Task requirements:
Transcribe each line of the records below exactly, excluding any embedded images.

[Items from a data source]
═══
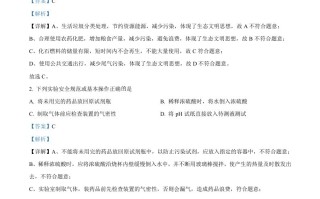 2023年贵州省中考化学真题-【免费下载-高清无水印】【中考真题电子版可打印】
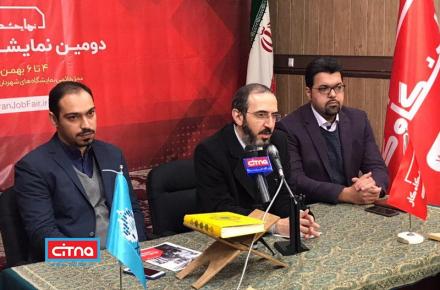 دومین نمایشگاه کار ایران در بهمن ماه برگزار می‌شود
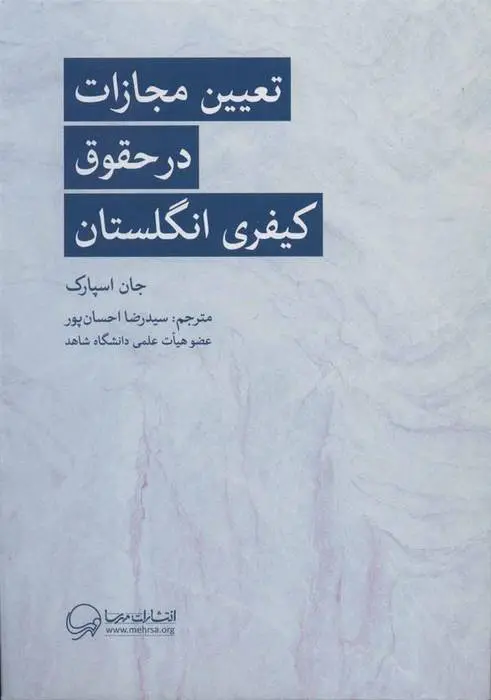 دانلود pdf کتاب تعیین مجازات در حقوق کیفری انگلستان جان اسپارک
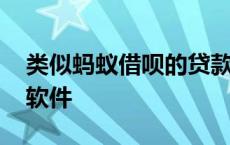 类似蚂蚁借呗的贷款平台 类似蚂蚁借呗靠谱软件 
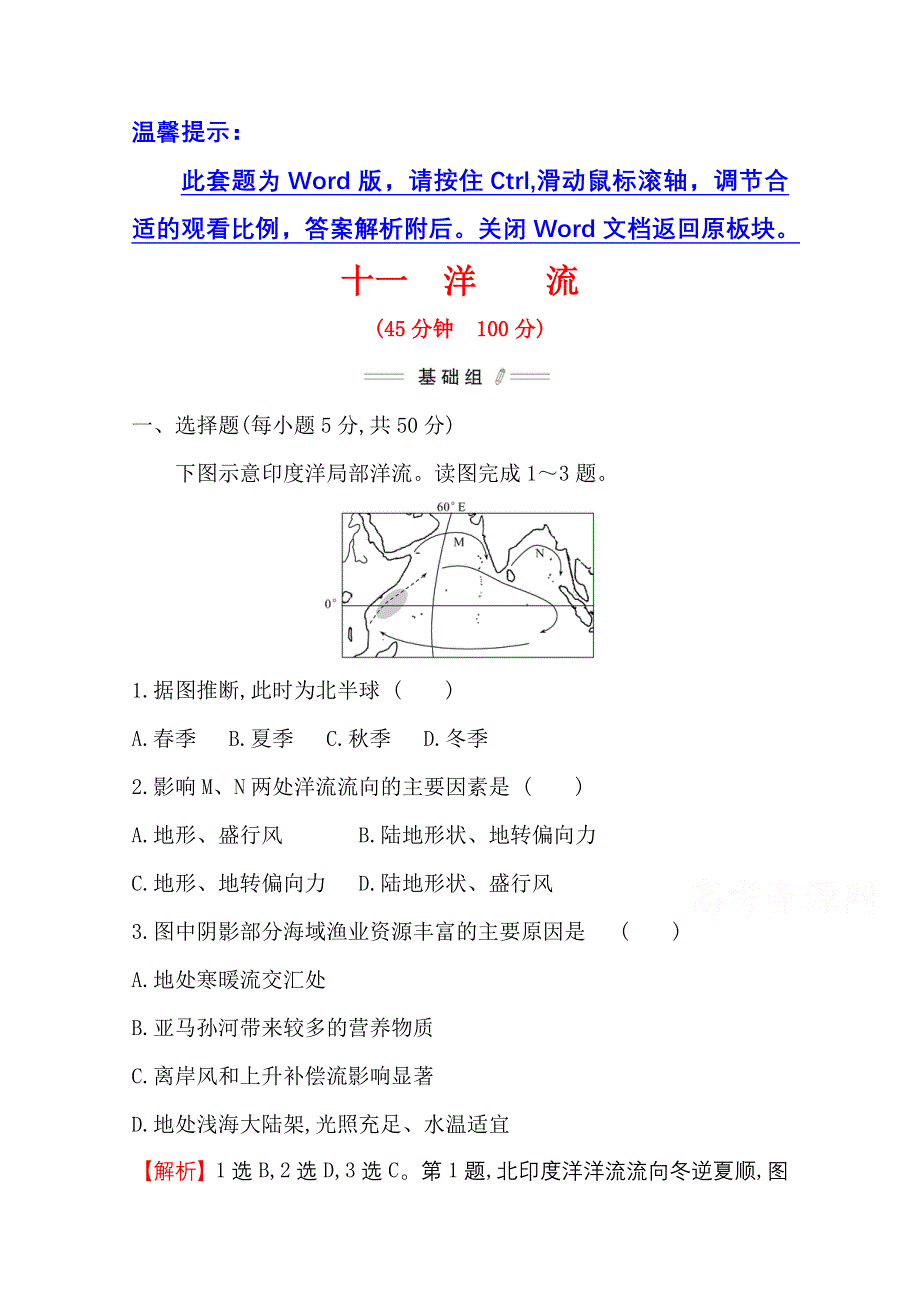 2021-2022学年新教材地理人教版选择性必修第一册课时检测：4-2 洋　流 WORD版含解析.doc_第1页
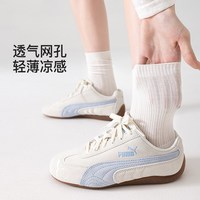 乐在其中 女士中筒袜 HR24032MWD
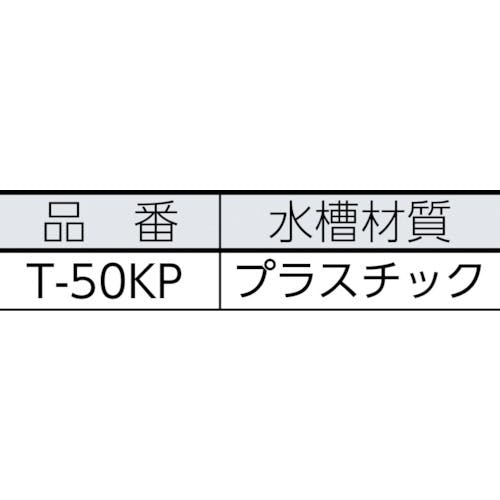 CAINZ-DASH】キョーワ テストポンプ T-50KP【別送品】 | 工事・照明 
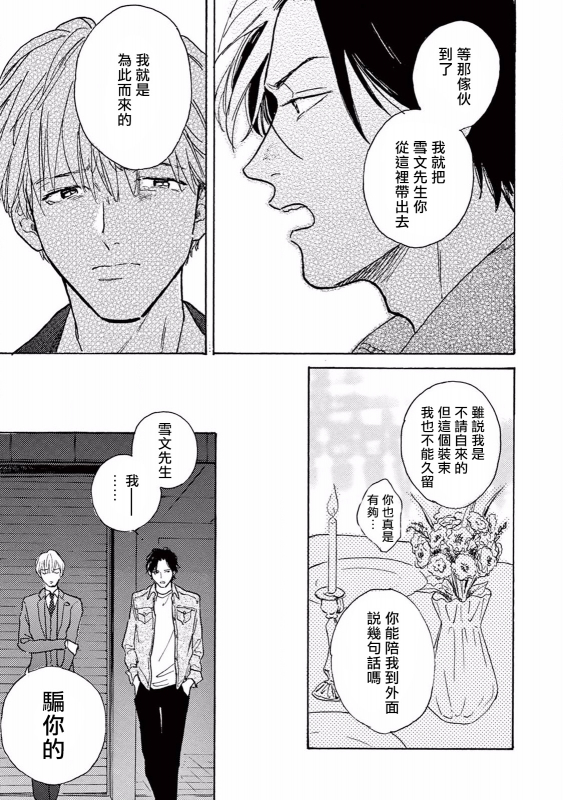 [Dayoo] Lonely Playground 1-8 [Chinese] [拾荒者汉化组] [Digital]_157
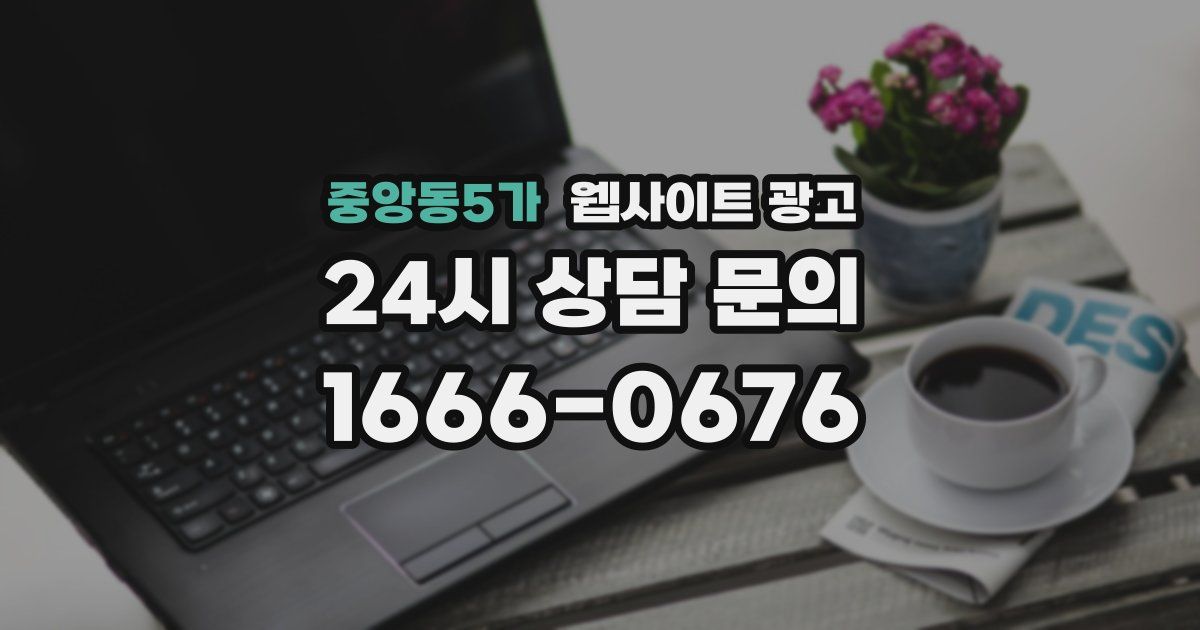 중앙동5가 웹사이트 광고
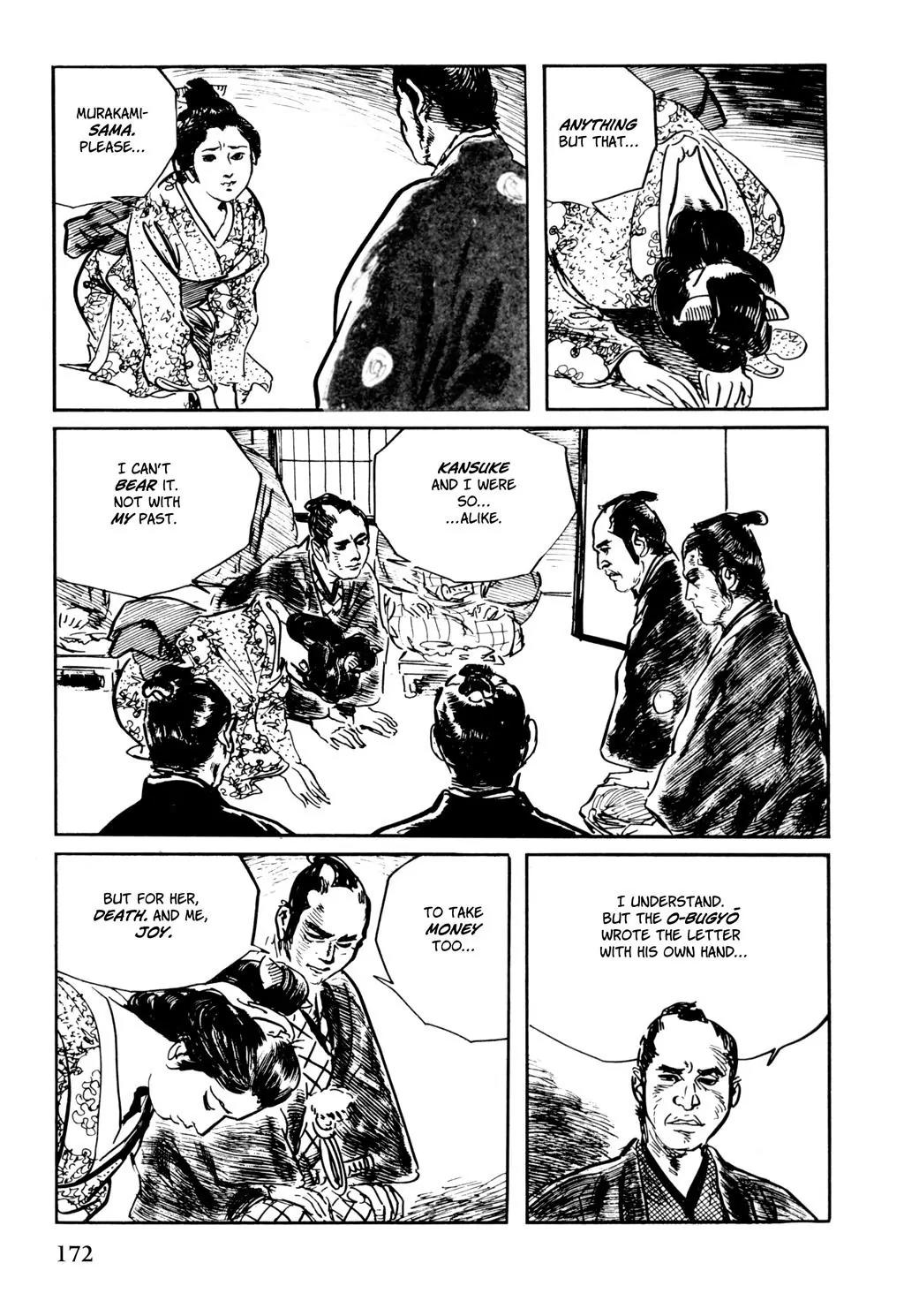 Samurai Executioner Chapter 37 page 21 - Chapter 37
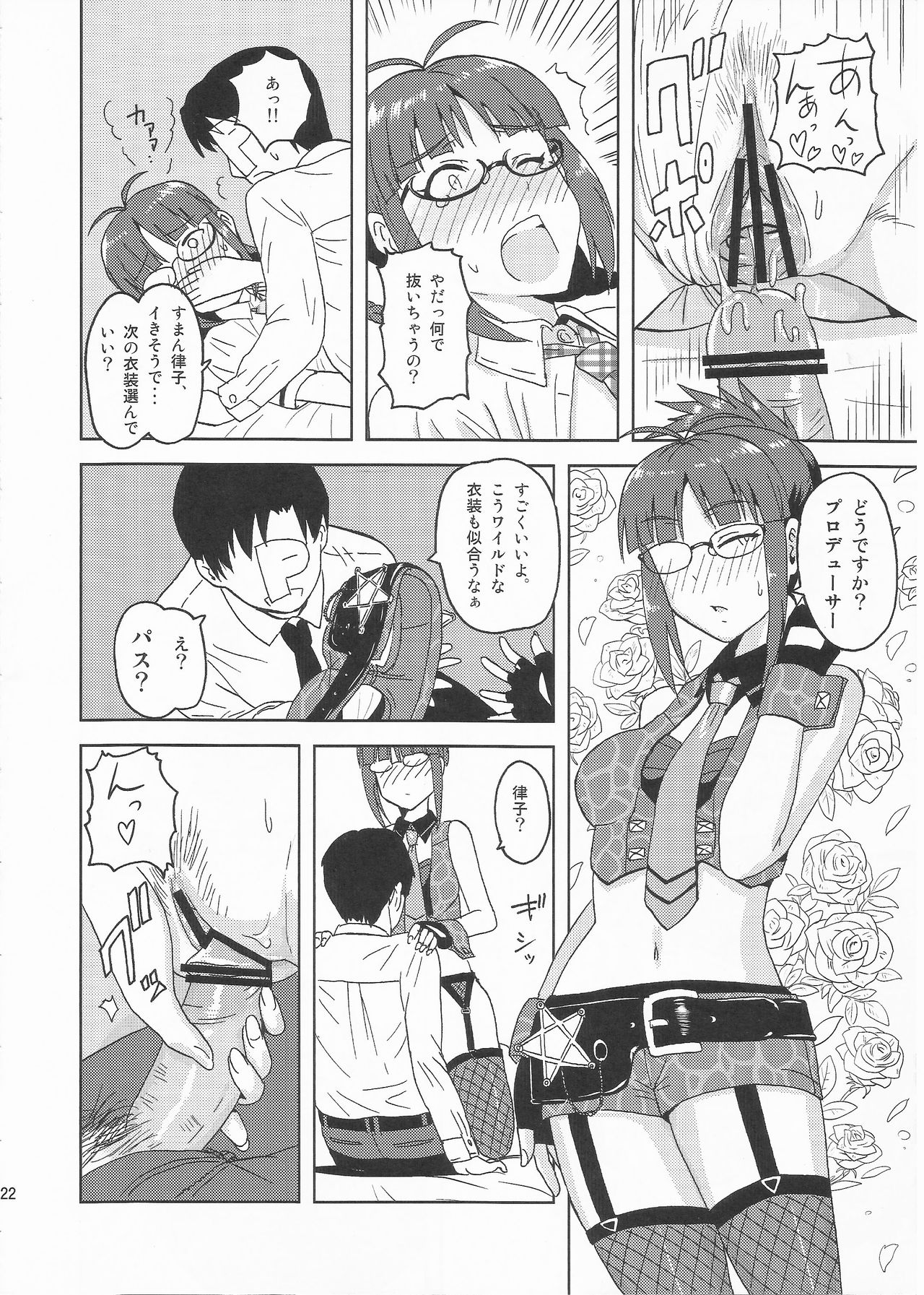 (C81) [PLANT (Tsurui)] Colorful Ritsuko (THE IDOLM@STER) page 21 full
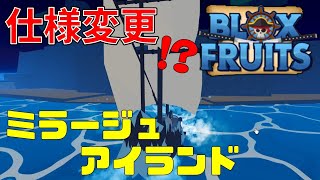 【変更】最新版ミラージュアイランドの出現方法　Blox Fruits攻略【ROBLOX(ロブロックス)】【ゆっくり実況】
═══
Problem solution:
 2023年贵州省中考化学真题-【免费下载-高清无水印】【中考真题电子版可打印】
 دومین نمایشگاه کار ایران در بهمن ماه برگزار می‌شود
 دانلود pdf کتاب تعیین مجازات در حقوق کیفری انگلستان جان اسپارک
 类似蚂蚁借呗的贷款平台 类似蚂蚁借呗靠谱软件 
 2021-2022学年新教材地理人教版选择性必修第一册课时检测：4-2 洋　流 WORD版含解析.doc_第1页
 乐在其中 女士中筒袜 HR24032MWD
 CAINZ-DASH】キョーワ テストポンプ T-50KP【別送品】 | 工事・照明 
 [Dayoo] Lonely Playground 1-8 [Chinese] [拾荒者汉化组] [Digital]_157
 중앙동5가 웹사이트 광고
 Samurai Executioner Chapter 37 page 21 - Chapter 37
 (C81) [PLANT (Tsurui)] Colorful Ritsuko (THE IDOLM@STER) page 21 full
 【変更】最新版ミラージュアイランドの出現方法　Blox Fruits攻略【ROBLOX(ロブロックス)】【ゆっくり実況】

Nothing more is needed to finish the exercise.